These prompts assume you are using Next.js 14 with App Router, Stripe for subscriptions, TypeScript, Tailwind CSS, and Prisma as your ORM. They are designed to be used sequentially on a new project or pulled individually when you hit a specific problem in an existing one. The order matters — especially in the early sections — because later prompts reference files created by earlier ones.
One habit that dramatically improves results: always paste in the relevant file you are currently working on before running the prompt. A prompt asking you to "add webhook handling to your route" produces far better output when the AI can see your existing route structure. Most of the failures with AI-generated code come from the model guessing at context that you could have provided directly.
- Paste your existing file before running prompts that modify it
- Run setup and architecture prompts first — later ones depend on those files
- When output looks wrong, add "following the pattern in [filename]" to the prompt
- For complex prompts, split them — one for the API route, one for the component
Project Setup and Architecture (Prompts 1–8)
These eight prompts handle decisions that are painful to undo once a project grows — folder structure, environment validation, database connection handling, and middleware setup. Getting these right in the first week prevents most of the technical debt that accumulates by week six.
Prompt 1: "Set up a Next.js 14 App Router project with TypeScript, Tailwind CSS, and Prisma. Create a prisma/schema.prisma file with a User model that includes id, email, name, createdAt, updatedAt, stripeCustomerId (nullable string), subscriptionStatus (enum: FREE, TRIALING, PRO, ENTERPRISE, CANCELED), and subscriptionId (nullable string). Show the commands to run prisma generate and prisma migrate dev and explain what each does."
Prompt 2: "Create a lib/db.ts file that exports a singleton Prisma client for a Next.js App Router project. Handle the global caching pattern correctly so hot reload in development does not create multiple Prisma connections. Add a short comment explaining why the global assignment is necessary in dev." — Prompt 3: "Set up environment variable validation using zod in lib/env.ts. Validate these server-side vars: DATABASE_URL, STRIPE_SECRET_KEY, STRIPE_WEBHOOK_SECRET, NEXTAUTH_SECRET. Validate these client-side vars: NEXT_PUBLIC_STRIPE_PUBLISHABLE_KEY, NEXT_PUBLIC_APP_URL. Throw a descriptive error on startup if any required var is missing."
- Prompt 4: "Create a middleware.ts at the project root using NextAuth getToken to protect all /dashboard routes. Redirect unauthenticated users to /login. Allow public access to /, /login, /register, /pricing, /api/webhooks/stripe, and all routes under /api/public."

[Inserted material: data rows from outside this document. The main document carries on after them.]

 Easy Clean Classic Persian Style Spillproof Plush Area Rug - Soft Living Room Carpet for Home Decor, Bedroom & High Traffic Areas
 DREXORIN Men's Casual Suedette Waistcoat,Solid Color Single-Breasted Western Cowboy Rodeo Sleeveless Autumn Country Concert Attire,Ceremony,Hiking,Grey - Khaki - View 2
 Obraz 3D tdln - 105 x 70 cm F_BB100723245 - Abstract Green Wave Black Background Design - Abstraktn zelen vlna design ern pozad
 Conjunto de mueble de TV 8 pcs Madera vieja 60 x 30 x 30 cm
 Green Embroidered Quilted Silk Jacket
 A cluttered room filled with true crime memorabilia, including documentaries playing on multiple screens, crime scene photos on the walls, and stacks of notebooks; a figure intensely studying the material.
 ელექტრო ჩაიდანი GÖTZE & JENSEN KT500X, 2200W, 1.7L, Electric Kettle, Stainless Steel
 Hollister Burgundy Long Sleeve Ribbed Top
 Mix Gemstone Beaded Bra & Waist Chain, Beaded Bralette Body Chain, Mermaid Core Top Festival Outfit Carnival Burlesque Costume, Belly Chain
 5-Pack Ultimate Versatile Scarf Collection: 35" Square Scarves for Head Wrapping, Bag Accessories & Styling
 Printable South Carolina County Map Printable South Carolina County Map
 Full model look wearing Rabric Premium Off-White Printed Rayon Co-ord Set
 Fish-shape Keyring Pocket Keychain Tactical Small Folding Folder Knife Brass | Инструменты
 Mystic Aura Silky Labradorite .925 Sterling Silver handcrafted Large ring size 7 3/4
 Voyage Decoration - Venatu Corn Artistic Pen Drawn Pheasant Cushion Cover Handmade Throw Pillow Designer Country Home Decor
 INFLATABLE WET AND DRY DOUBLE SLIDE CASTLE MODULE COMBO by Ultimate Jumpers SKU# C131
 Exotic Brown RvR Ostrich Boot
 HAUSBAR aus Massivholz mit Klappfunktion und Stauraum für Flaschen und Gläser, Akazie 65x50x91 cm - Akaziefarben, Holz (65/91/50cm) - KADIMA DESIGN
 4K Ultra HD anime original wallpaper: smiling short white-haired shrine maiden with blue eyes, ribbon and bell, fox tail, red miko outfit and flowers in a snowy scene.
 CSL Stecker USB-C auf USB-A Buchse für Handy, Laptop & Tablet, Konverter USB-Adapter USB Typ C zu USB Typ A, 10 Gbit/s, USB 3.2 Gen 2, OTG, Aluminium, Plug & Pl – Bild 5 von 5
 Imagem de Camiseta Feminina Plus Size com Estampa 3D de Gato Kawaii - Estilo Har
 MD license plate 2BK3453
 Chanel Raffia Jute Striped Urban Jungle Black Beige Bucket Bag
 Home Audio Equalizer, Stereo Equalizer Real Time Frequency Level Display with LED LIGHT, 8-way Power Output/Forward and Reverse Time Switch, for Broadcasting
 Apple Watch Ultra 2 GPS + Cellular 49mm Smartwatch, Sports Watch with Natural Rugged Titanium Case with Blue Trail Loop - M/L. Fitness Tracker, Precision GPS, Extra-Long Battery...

- Prompt 5: "Set up a Next.js App Router folder structure for a SaaS product. Show me the layout for: app/(auth) for login and register, app/(dashboard) for protected app routes, app/(marketing) for public pages, app/api for route handlers, components split into ui/dashboard/shared folders, and a lib folder for utilities, hooks, and Stripe helpers. Explain what belongs in each location."
- Prompt 6: "Create a types/index.ts file with TypeScript interfaces for User (matching the Prisma model), Subscription (with plan, status, currentPeriodEnd as Date, and cancelAtPeriodEnd as boolean), and ApiResponse<T> (a generic wrapper with data, error, and status fields)."
- Prompt 7: "Write a lib/utils.ts with a cn() function using clsx and tailwind-merge for merging Tailwind class names, a formatCurrency(amountInCents, currency) function using Intl.NumberFormat, and a formatDate(date) function that returns a readable string like May 28, 2026. Export all three as named exports."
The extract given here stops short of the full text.